Andrew C. Oliver and Lifford Pinto | Oct. 10, 2012
Most of the buzz around the cloud has centered on infrastructure as a service (IaaS). However, IaaS is no longer good enough. Sure, you can forgo buying servers and run everything virtually on Amazon's EC2 server farm. So what? You still have to manage it, and to do that you'll have a growing IT bureaucracy. Companies that want to focus on writing their code and not have to think about application servers at all are now looking to platform as a service (PaaS).

Who's using it? Cloud Foundry is well positioned to meet the needs of companies that want a combination of public and private PaaS. Its focus on an ecosystem of Cloud Foundry providers is a strong point, especially with regards to lock-in. Cloud Foundry is clearly aimed at Ruby, Node.js, and JVM-based languages. If you have a more diverse technology base, this may not be your first choice.

VMware pointed me to several published case studies, including Intel, Diebold, AppFog, Cloud Fuji, and others.

How did it do? We installed the Eclipse plug-in, deployed the WAR, and changed nothing. In fact, the first time we deployed Granny, we accidentally deployed it configured with CloudBees' JDBC information. Cloud Foundry automatically detected our Spring configuration and reconfigured the database settings for our Cloud Foundry database. This kind of magic may make some people nervous, but it worked seamlessly.

Conclusions. Cloud Foundry "just worked" -- we did nothing to the application but install an Eclipse plug-in. What's not to love? For ops teams, there's also a command-line interface. Once this PaaS launches, depending on pricing and such, it will certainly be a viable choice for Java developers. We can assume that for Ruby, which Cloud Foundry is written in, you would have a similar experience. (We have also tested the Node.js interface, which was a little trickier but still very workable.)

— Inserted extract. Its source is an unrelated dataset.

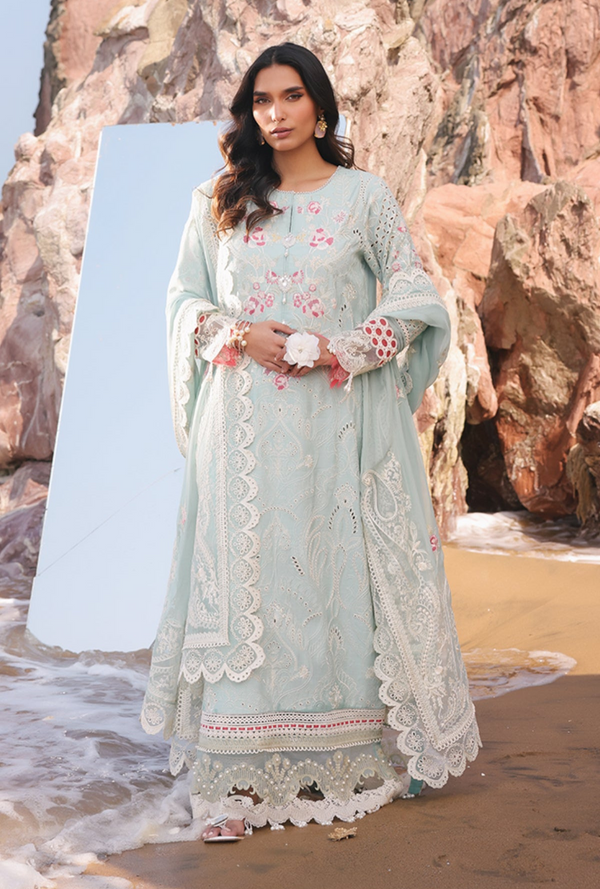 SL-76A Aidan - Hania Luxury Lawn `25 - Imrozia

Cloud Foundry worked great and was the most straightforward. We were so successful with the Eclipse plug-in that we didn't try the command-line interface. Of course the test wasn't perfectly "fair" in that the app was a Spring app in the first place, but the app was written to be run on a local Tomcat instance, yet it deployed seamlessly to the Cloud Foundry cloud. Considering much of the legacy that will move to the cloud is Java and most existing Java apps are written in Spring, we're excited to see Cloud Foundry launch.